The On-Call Load

  • Comments posted to this topic are about the item The On-Call Load

  • "Have you never been called outside of working hours?"  I'm really intrigued to know if anyone can answer yes to this question!

    With the modern flexible working, working-from-home, etc, plus the use of multiple devices and apps to talk to employees, the line will be quite blurred between working hours and non-working hours for many people; does responding on Microsoft Teams, to a work-related question, count as being called?

    I do my best to keep work separate; at my employer, we have an defined on-call rota, with one week (full seven days) on-call, which is shared between 5 or 6 people. It is reasonable, as long as the number of calls is very low; more of a stand-by in case of a serious incident. I do know of places where the on-call is effectively people working overtime, rather than incident response, which is a very different situation.

    Andy

  • When I was a DBA in a team we shared the on-call rota.  We were given a specific mobile phone when we were on-call.

    Senior DBAs would be a 2nd line of defence if the DBA on-call could not resolve the issue.  There was remuneration if being on-call exceeded a bare minimum.  We were expected to check that certain jobs had run and various other logs and metrics.

    In theory the development squads had the same setup and deal.  HOWEVER, the beleaguered support desk would ALWAYS ring the DBA phone 1st because they trusted us to ALWAYS pick up.  In most cases the DBA had enough knowledge of the various systems to be able to help resolve the issue, even though, technically, it wasn't a DBA issue.

    Overtime the reliability of the various systems became such that fully staffed 24/7 support wasn't needed.  Re-organisation pushed responsibility for systems reliability down into the squads rather than having a specific support function.

  • I worked for a managed service provider providing DBA services.  We had an on call rotation, where we were primary on call  one week and secondary on call one week.  When there were seven of us, it wasn't too bad.  The on call involved about two calls a week during the middle of the night.  Then 3 people quit and we  were basically two weeks on call, two weeks off. It was challenging.  Fortunately, the number of calls went down about that time.  2 months later one more person quit (our company couldn't hire if they wanted to) and I decided to call it quits and left with no real prospects, which was one of the best decisions I have made in my long career.  I certainly didn't want to get to where I was permanently on call.

    Russel Loski, MCSE Business Intelligence, Data Platform

  • We don't have an official off hours call support duty. The occasional call may get fixed if the person feels up to it, otherwise it is postponed to working hours.

     

     

  • I did about 10 years of on-call work as a DBA. From my experience, it seems like 10 years of on-call is about the limit for most people in data. Flexibility with hours never seemed to really balance. Is an unexpected work assignment from 3 am  to 7 am really equivalent to getting to go home 4 hours early on a Friday?

    I'd like to see some  standardization with  on-call expectation across the industry. I've had too many coworkers who approached on-call too casually. They either took way too long to get logged on, or made really poor decisions due to fatigue/anxiety and being the lone person working (no other team members around to consult).

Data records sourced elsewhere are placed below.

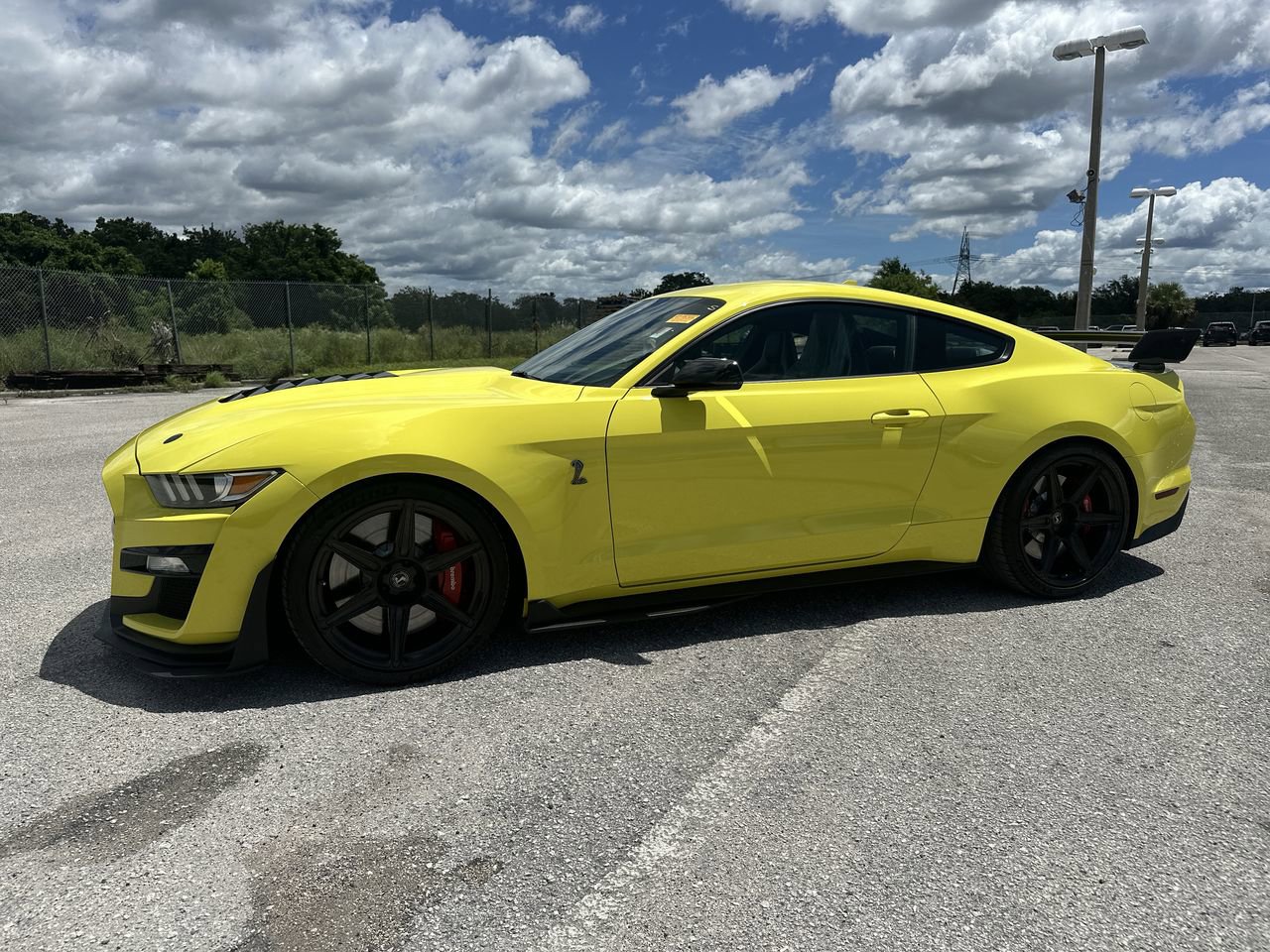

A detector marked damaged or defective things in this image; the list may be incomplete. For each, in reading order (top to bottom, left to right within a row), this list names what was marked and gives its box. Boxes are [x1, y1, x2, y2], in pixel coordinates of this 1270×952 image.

cracked asphalt [0, 347, 1264, 949]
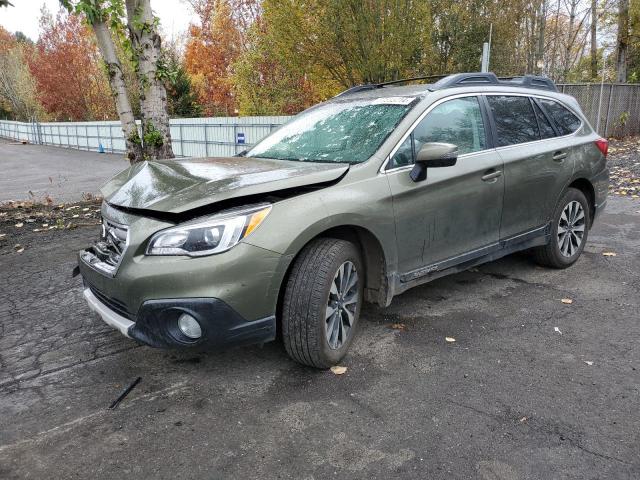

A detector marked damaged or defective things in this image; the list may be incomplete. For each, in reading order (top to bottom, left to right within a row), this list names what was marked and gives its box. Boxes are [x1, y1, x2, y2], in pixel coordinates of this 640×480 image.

crumpled front hood [102, 157, 350, 213]
broken headlight [146, 203, 272, 256]
damaged subaru outback [80, 73, 608, 368]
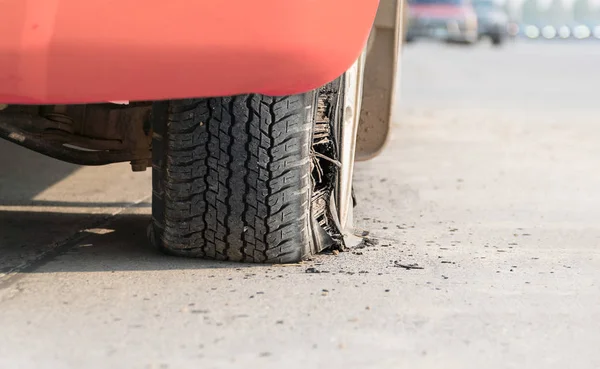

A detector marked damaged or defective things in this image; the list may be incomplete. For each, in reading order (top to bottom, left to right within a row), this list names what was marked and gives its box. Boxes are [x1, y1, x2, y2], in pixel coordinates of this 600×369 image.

    I wonder if there is a market for dedicated on-call/off hours DBA work -- I'm talking DBAs working in a different timezone, i.e. follow-the-sun support.  Does anyone work at a company with follow-the-sun support or use some third party in a different timezone? I'd be interested in hearing about your experience with either.

  • Our DBA team supports 24/7 production facilities so we definitely have an on call rotation.  We organize our systems so each has a primary and backup DBA.  When an after hours call comes in, the expectation is that the on call DBA handles the issue if they are qualified and it is short of a full system rebuild.  Past that they call the primary or backup for that system.

    Back in the mid-2000s being on call was a huge burden on your life.  There were calls every evening (usually job failures or backup drive space issues) and you typically had at least two calls in the middle of the night.  She saving grace of it all was that with a team of 22, on call only happened 2-3 times a year.  Years of improvements to hardware and software has made on call far less of a burden, but it is still a week that you need to be within 20 minutes of being able to get online.  Now normal to go an on call week without ever getting a call.  Flip side is that the team has shrunk to three DBAs so it happens far more often.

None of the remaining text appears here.